Suri R E, Schultz W
Institute of Physiology, University of Fribourg, Switzerland.
Exp Brain Res. 1998 Aug;121(3):350-4. doi: 10.1007/s002210050467.
Dopamine neurons appear to code an error in the prediction of reward. They are activated by unpredicted rewards, are not influenced by predicted rewards, and are depressed when a predicted reward is omitted. After conditioning, they respond to reward-predicting stimuli in a similar manner. With these characteristics, the dopamine response strongly resembles the predictive reinforcement teaching signal of neural network models implementing the temporal difference learning algorithm. This study explored a neural network model that used a reward-prediction error signal strongly resembling dopamine responses for learning movement sequences. A different stimulus was presented in each step of the sequence and required a different movement reaction, and reward occurred at the end of the correctly performed sequence. The dopamine-like predictive reinforcement signal efficiently allowed the model to learn long sequences. By contrast, learning with an unconditional reinforcement signal required synaptic eligibility traces of longer and biologically less-plausible durations for obtaining satisfactory performance.

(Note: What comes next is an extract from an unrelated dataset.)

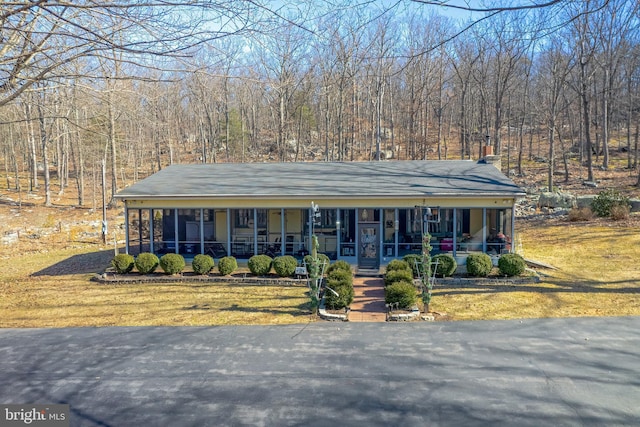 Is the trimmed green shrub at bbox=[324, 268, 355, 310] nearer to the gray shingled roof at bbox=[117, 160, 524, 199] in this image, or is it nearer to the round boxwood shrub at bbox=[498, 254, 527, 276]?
the gray shingled roof at bbox=[117, 160, 524, 199]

Thus, dopamine-like neuronal signals constitute excellent teaching signals for learning sequential behavior.
多巴胺神经元似乎对奖励预测中的误差进行编码。它们会被意外的奖励激活,不受预期奖励的影响,而当预期奖励被省略时则会受到抑制。经过条件作用后,它们以类似的方式对奖励预测刺激做出反应。基于这些特性,多巴胺反应与实施时间差分学习算法的神经网络模型的预测强化教学信号极为相似。本研究探索了一种神经网络模型,该模型使用与多巴胺反应极为相似的奖励预测误差信号来学习运动序列。序列的每个步骤呈现不同的刺激,并需要不同的运动反应,且奖励出现在正确执行序列的末尾。类似多巴胺的预测强化信号有效地使模型能够学习长序列。相比之下,使用无条件强化信号进行学习需要更长且生物学上不太合理时长的突触资格痕迹才能获得令人满意的表现。因此,类似多巴胺的神经元信号构成了用于学习序列行为的极佳教学信号。